Совместно Компании Миссисипи и Южных Морей тянули аж на 11 триллионов сегодняшних долларов (6,5 и 4,5 трлн) на пике в 1720 году  это в 11 раз больше, чем Apple, или в 200 раз больше, чем Газпром.

В конце 1720-го лопнул пузырь «Компании Миссисипи». Она рекламировала как бы процветающую экономику Луизианы, печатала банкноты без обеспечения и дивиденды платила своими же мавродиками. Причём реально всё было похоже на МММ  курс бумаг постоянно рос, их количество постоянно увеличивалось, реклама была сумасшедшая. Но в один прекрасный момент кто-то вдруг захотел получить звонкую монету взамен бумажек, а кто-то подумал, что не хочет давать столько денег за это добро. Компания покатилась в ад. Особенную красоту этой афере добавило то, что гендир «Миссисипи» одновременно был министром финансов Франции, и, когда акции начали падать, правительство начало скупать эти акции, потом деньги кончились, их начали печатать, ну а потом всё как всегда. Были потеряны огромные состояния, и французская экономика серьёзно скуксилась, в том числе и из-за огромной инфляции. Через некоторое время двинула кони и «Компания Южных Морей».

На самой вершине пузыря английский парламент принял закон о запрете новых корпораций, его и назвали  сюрприз!  «Законом Пузыря». Что характерно, закон приняли не после краха, а до и с одной лишь целью  чтобы новые мошенники не соревновались с государством за денежки доверчивых инвесторов. Что как бы намекает.
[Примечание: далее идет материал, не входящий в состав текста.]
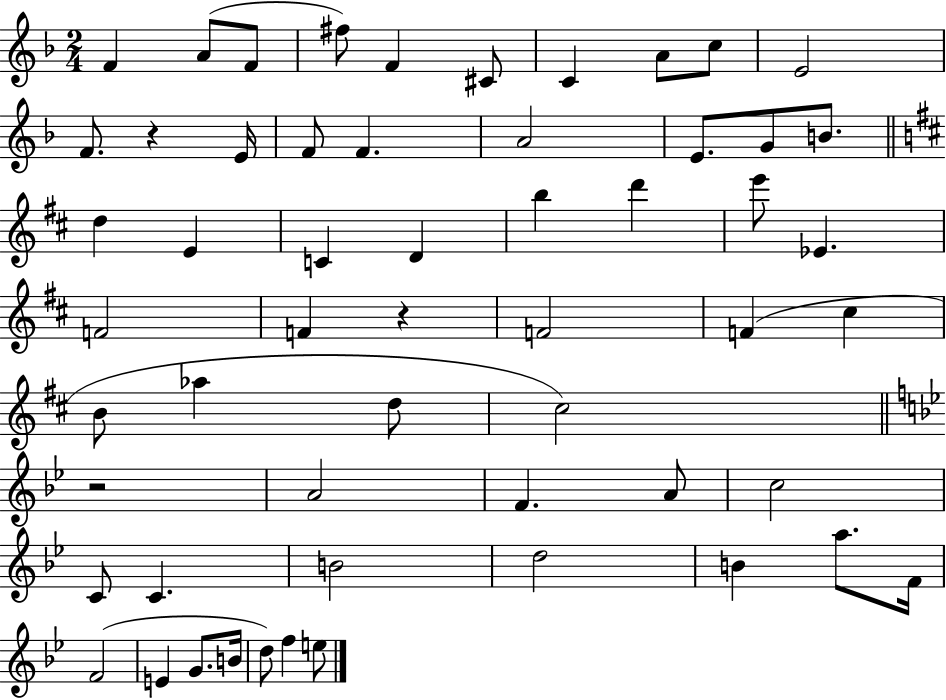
{
  \clef treble
  \numericTimeSignature
  \time 2/4
  \key f \major
  f'4 a'8( f'8 | fis''8) f'4 cis'8 | c'4 a'8 c''8 | e'2 | \break f'8. r4 e'16 | f'8 f'4. | a'2 | e'8. g'8 b'8. | \break \bar "||" \break \key d \major d''4 e'4 | c'4 d'4 | b''4 d'''4 | e'''8 ees'4. | \break f'2 | f'4 r4 | f'2 | f'4( cis''4 | \break b'8 aes''4 d''8 | cis''2) | \bar "||" \break \key g \minor r2 | a'2 | f'4. a'8 | c''2 | \break c'8 c'4. | b'2 | d''2 | b'4 a''8. f'16 | \break f'2( | e'4 g'8. b'16 | d''8) f''4 e''8 | \bar "|."
}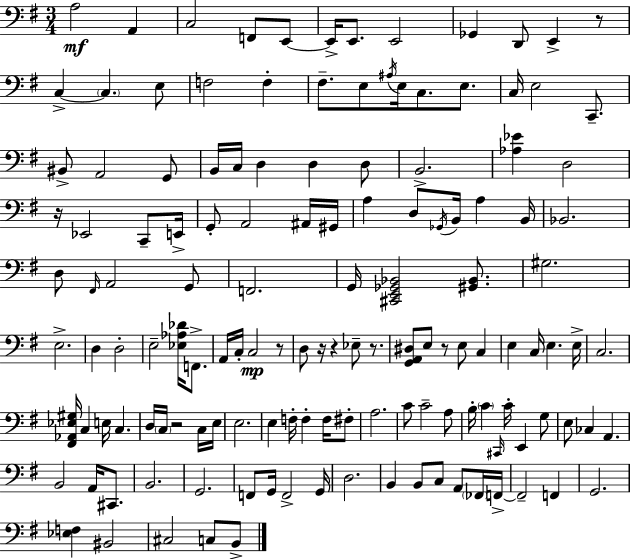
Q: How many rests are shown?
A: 8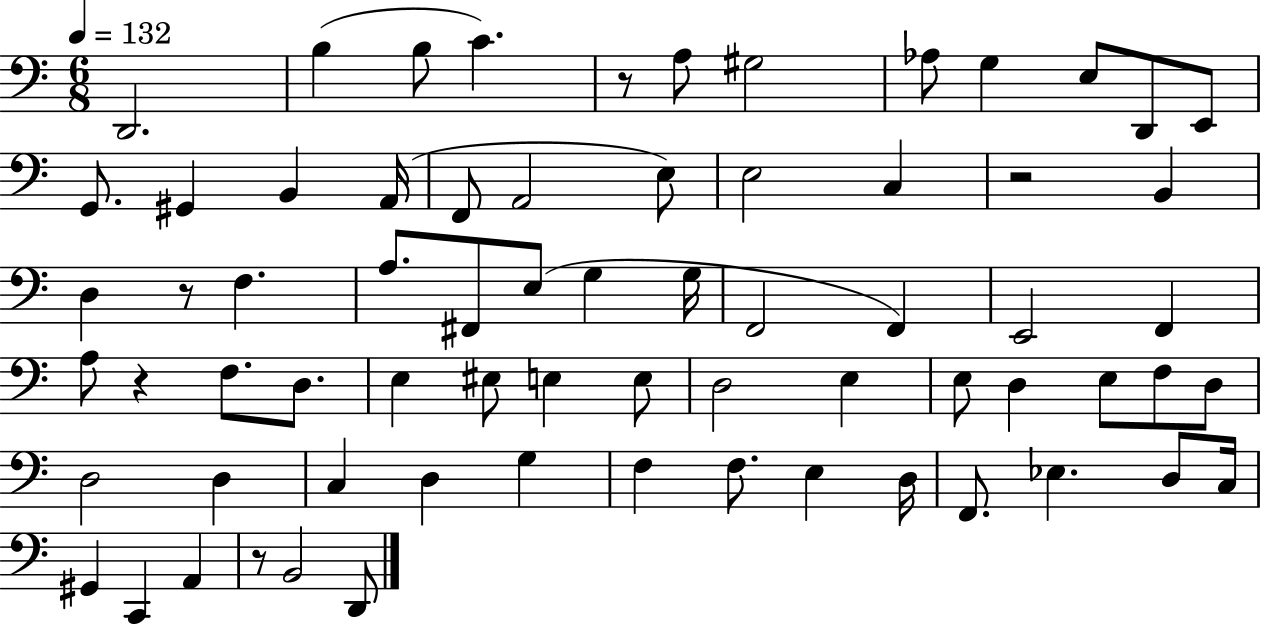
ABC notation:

X:1
T:Untitled
M:6/8
L:1/4
K:C
D,,2 B, B,/2 C z/2 A,/2 ^G,2 _A,/2 G, E,/2 D,,/2 E,,/2 G,,/2 ^G,, B,, A,,/4 F,,/2 A,,2 E,/2 E,2 C, z2 B,, D, z/2 F, A,/2 ^F,,/2 E,/2 G, G,/4 F,,2 F,, E,,2 F,, A,/2 z F,/2 D,/2 E, ^E,/2 E, E,/2 D,2 E, E,/2 D, E,/2 F,/2 D,/2 D,2 D, C, D, G, F, F,/2 E, D,/4 F,,/2 _E, D,/2 C,/4 ^G,, C,, A,, z/2 B,,2 D,,/2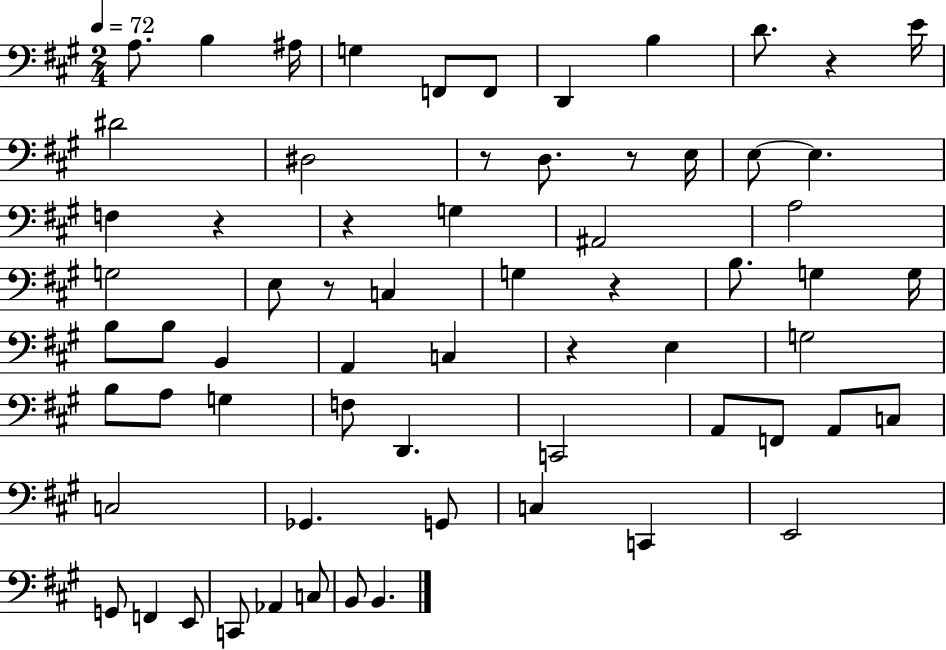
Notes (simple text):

A3/e. B3/q A#3/s G3/q F2/e F2/e D2/q B3/q D4/e. R/q E4/s D#4/h D#3/h R/e D3/e. R/e E3/s E3/e E3/q. F3/q R/q R/q G3/q A#2/h A3/h G3/h E3/e R/e C3/q G3/q R/q B3/e. G3/q G3/s B3/e B3/e B2/q A2/q C3/q R/q E3/q G3/h B3/e A3/e G3/q F3/e D2/q. C2/h A2/e F2/e A2/e C3/e C3/h Gb2/q. G2/e C3/q C2/q E2/h G2/e F2/q E2/e C2/e Ab2/q C3/e B2/e B2/q.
2.6. Регистрация фирмы под ключ срочно

Почти всегда корпорации создавались с какой-то благородной целью или с идеей пользы обществу, и за это у них были какие-то бонусы. Разрешения выдавались королём, причём платно и только если создателям удавалось доказать, что дело задумано полезное. Потом их стал подписывать парламент. Поначалу самая крутая привилегия  это была монополия. Например, эксклюзивное право торговать с какой-либо страной или право прорыть какой-нибудь канал. Чтобы не возникало сильной конкуренции, разрешение на создание новой компании могли и не выдать. Если же его выдавали, то там указывался размер капитала, ограничивались виды деятельности и срок: корпорации всё ещё были временные.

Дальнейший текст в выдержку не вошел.